April sa M3: -0.1% y/y
M3 sa 3-mo avg: -0.2% y/y
SA private loans: +0.1% y/y

MNI survey median:
April sa M3 -0.3% y/y
M3 sa 3-mo avg: -0.3% y/y

MNI survey range:
Mar sa M3 -0.7% to +0.1% y/y
M3 sa 3-mo avg: -0.9% to flat y/y

March sa M3: -0.1% y/y
M3 sa 3-mo avg: -0.1% y/y
SA private loans: -0.2% y/y

FRANKFURT (MNI) – Eurozone M3 money supply continued to contract on
the year in April, though by less than generally expected, while private
sector loans grew for the first time since August 2009, the European
Central Bank reported on Monday.

At the end of April, M3 amounted to E9.392 trillion, reflecting a
monthly gain of 0.7% and an annual decrease of 0.1%. Over the three
months to April, broad money fell 0.2% over the same period one year
ago.

The ECB once again stressed in its Monthly Bulletin that due to the
steep yield curve, which would spur the allocation of funds into
longer-term funds outside of M3, broad money growth understated the pace
of underlying monetary growth.

“At the same time, the still narrow spreads between the interest
rates paid on different M3 instruments imply low opportunity costs of
allocating funds to overnight deposits rather than other M3
instruments,” ECB President Jean-Claude Trichet said at his press
conference in earlier this month.

Possibly responding to criticism that the ECB’s bond purchase
program would lead to inflationary pressures later on, Trichet
highlighted in a recent interview the decline in M3 as evidence that
inflation was under control.

In its latest Monthly Report, the Bundesbank also stressed that
monetary data did not signal any clear danger to price stability.
However, the central bank conceded that the inflation outlook was highly
uncertain.

“The inflation projections made on the basis of monetary data
continue in the aggregate to indicate that there exists no pronounced
danger for price stability in the euro area for the next three years,”
the Bundesbank said.

Among the components of M3, currency in circulation and overnight
deposits (M1) were up 1.75% since March, leaving M1 10.7% higher on the
year.

M2, which is made up of M1 as well as short-term deposits other
than overnight deposits, increased by 0.56% between March and April,
resulting in an annual growth rate of 1.4%. Conversely, short-term
deposits other than overnight deposits contracted by 8.5% on the year in
April, down from March’s -8.0% print.

Turning to the main counterparts of M3, total credit extended to
Eurozone residents shrank by 1.8% on the year, unchanged from March’s
rate. Credit extended to government slowed to an annual growth rate of
8.7%.

Overall credit to the private sector accelerated to a growth rate
of 0.3%, with loans to the private sector increasing 0.1% on the year.

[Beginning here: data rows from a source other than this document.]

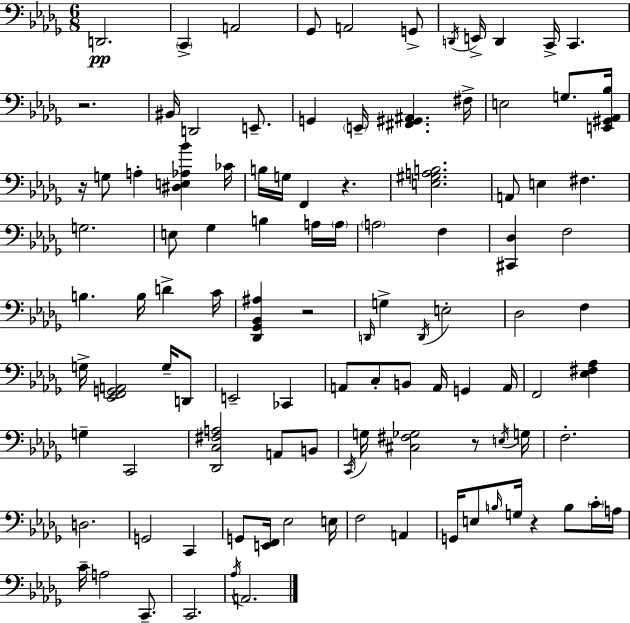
X:1
T:Untitled
M:6/8
L:1/4
K:Bbm
D,,2 C,, A,,2 _G,,/2 A,,2 G,,/2 D,,/4 E,,/4 D,, C,,/4 C,, z2 ^B,,/4 D,,2 E,,/2 G,, E,,/4 [^F,,^G,,^A,,] ^F,/4 E,2 G,/2 [E,,^G,,_A,,_B,]/4 z/4 G,/2 A, [^D,E,_A,_B] _C/4 B,/4 G,/4 F,, z [E,^G,A,B,]2 A,,/2 E, ^F, G,2 E,/2 _G, B, A,/4 A,/4 A,2 F, [^C,,_D,] F,2 B, B,/4 D C/4 [_D,,_G,,_B,,^A,] z2 D,,/4 G, D,,/4 E,2 _D,2 F, G,/4 [_E,,F,,G,,A,,]2 G,/4 D,,/2 E,,2 _C,, A,,/2 C,/2 B,,/2 A,,/4 G,, A,,/4 F,,2 [_E,^F,_A,] G, C,,2 [_D,,C,^F,A,]2 A,,/2 B,,/2 C,,/4 G,/4 [^C,^F,_G,]2 z/2 E,/4 G,/4 F,2 D,2 G,,2 C,, G,,/2 [E,,F,,]/4 _E,2 E,/4 F,2 A,, G,,/4 E,/2 B,/4 G,/4 z B,/2 C/4 A,/4 C/4 A,2 C,,/2 C,,2 _A,/4 A,,2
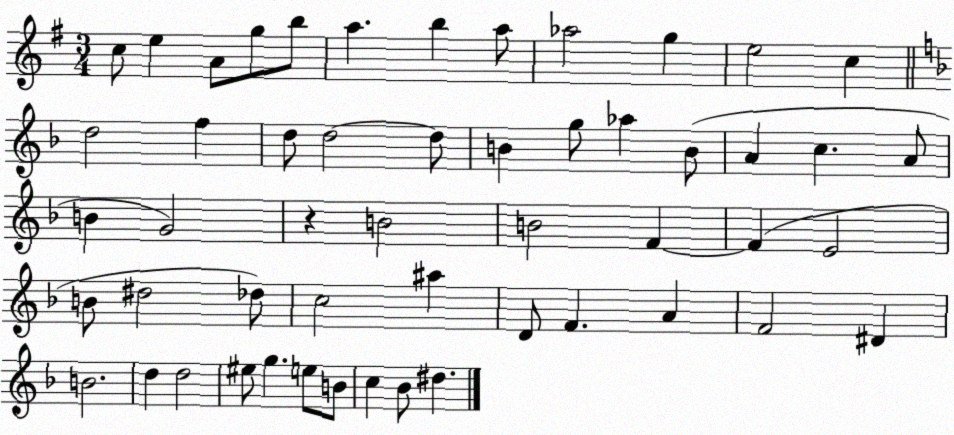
X:1
T:Untitled
M:3/4
L:1/4
K:G
c/2 e A/2 g/2 b/2 a b a/2 _a2 g e2 c d2 f d/2 d2 d/2 B g/2 _a B/2 A c A/2 B G2 z B2 B2 F F E2 B/2 ^d2 _d/2 c2 ^a D/2 F A F2 ^D B2 d d2 ^e/2 g e/2 B/2 c _B/2 ^d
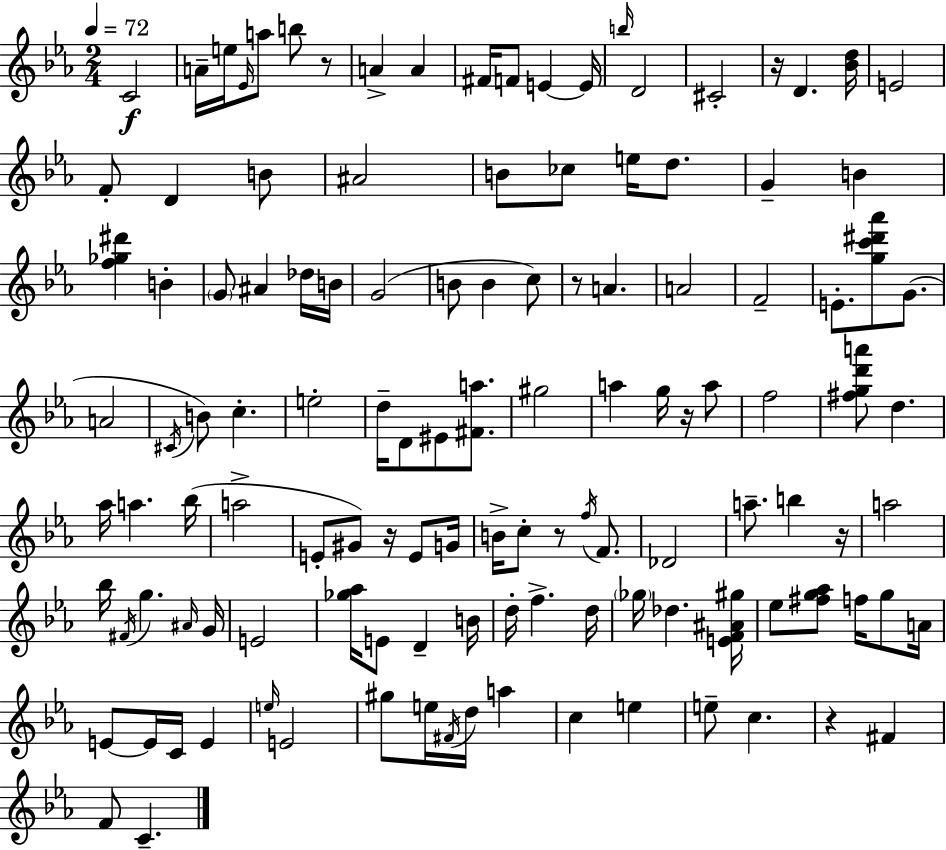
{
  \clef treble
  \numericTimeSignature
  \time 2/4
  \key ees \major
  \tempo 4 = 72
  \repeat volta 2 { c'2\f | a'16-- e''16 \grace { ees'16 } a''8 b''8 r8 | a'4-> a'4 | fis'16 f'8 e'4~~ | \break e'16 \grace { b''16 } d'2 | cis'2-. | r16 d'4. | <bes' d''>16 e'2 | \break f'8-. d'4 | b'8 ais'2 | b'8 ces''8 e''16 d''8. | g'4-- b'4 | \break <f'' ges'' dis'''>4 b'4-. | \parenthesize g'8 ais'4 | des''16 b'16 g'2( | b'8 b'4 | \break c''8) r8 a'4. | a'2 | f'2-- | e'8.-. <g'' c''' dis''' aes'''>8 g'8.( | \break a'2 | \acciaccatura { cis'16 } b'8) c''4.-. | e''2-. | d''16-- d'8 eis'8 | \break <fis' a''>8. gis''2 | a''4 g''16 | r16 a''8 f''2 | <fis'' g'' d''' a'''>8 d''4. | \break aes''16 a''4. | bes''16( a''2-> | e'8-. gis'8) r16 | e'8 g'16 b'16-> c''8-. r8 | \break \acciaccatura { f''16 } f'8. des'2 | a''8.-- b''4 | r16 a''2 | bes''16 \acciaccatura { fis'16 } g''4. | \break \grace { ais'16 } g'16 e'2 | <ges'' aes''>16 e'8 | d'4-- b'16 d''16-. f''4.-> | d''16 \parenthesize ges''16 des''4. | \break <e' f' ais' gis''>16 ees''8 | <fis'' g'' aes''>8 f''16 g''8 a'16 e'8~~ | e'16 c'16 e'4 \grace { e''16 } e'2 | gis''8 | \break e''16 \acciaccatura { fis'16 } d''16 a''4 | c''4 e''4 | e''8-- c''4. | r4 fis'4 | \break f'8 c'4.-- | } \bar "|."
}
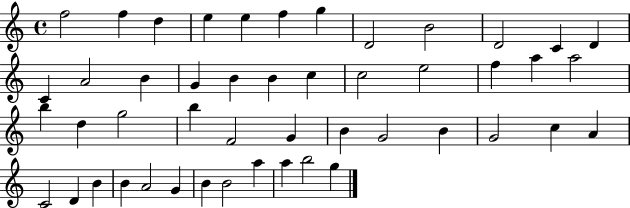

However, once again, the overall figure masks diverging trends
within the category.

Credit extended to households increased to +2.5% annual growth, up
from the previous month’s +2.1%, with the annual growth rate for
mortgages rising 2.9% and consumer credit falling 0.3%, up from March’s
-1.1% level.

On the other hand, lending to non-financial corporations fell 2.6%,
down from March’s -2.4% reading.

Nevertheless, with loans to non-financial corporates known to lag
economic developments, current data suggested that the downward trend in
the annual figures could soon come to an end, Trichet said.